Goal of the exercise: When you write out the listing below, keep each word exactly as it stands and drop the pictures.

Recorded information:
*** Begin section ***
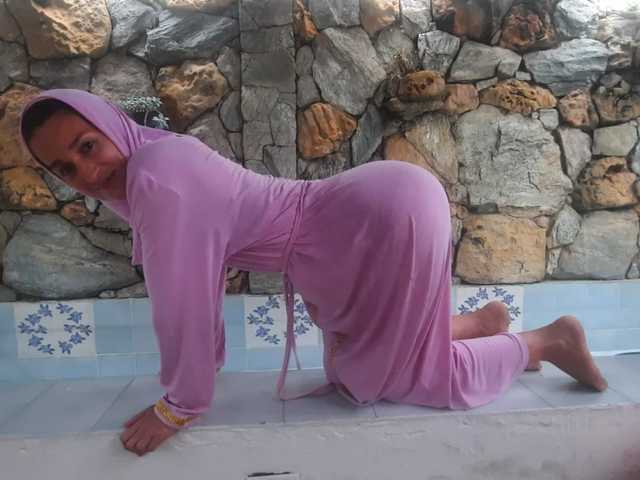 Foto del profilo Abir-Bakir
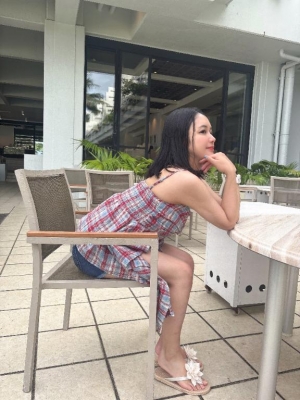 広島県広島市中区のソープ ロイヤル女子寮の写メ日記　ハプバー画像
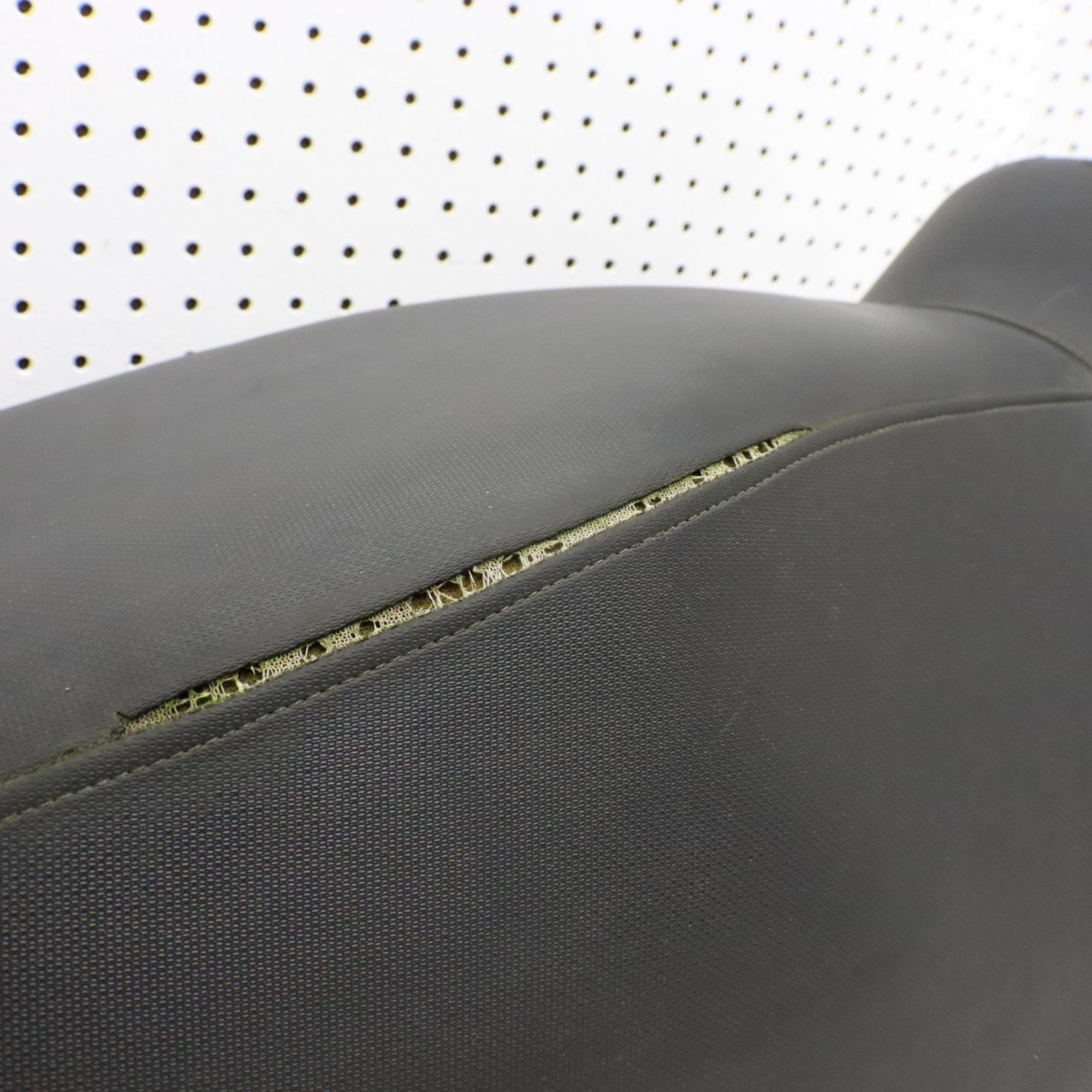 2016 Arctic Cat M8000 Seat 6706-013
*** End section ***
Result below:
 Foto del profilo Abir-Bakir
 広島県広島市中区のソープ ロイヤル女子寮の写メ日記　ハプバー画像
 2016 Arctic Cat M8000 Seat 6706-013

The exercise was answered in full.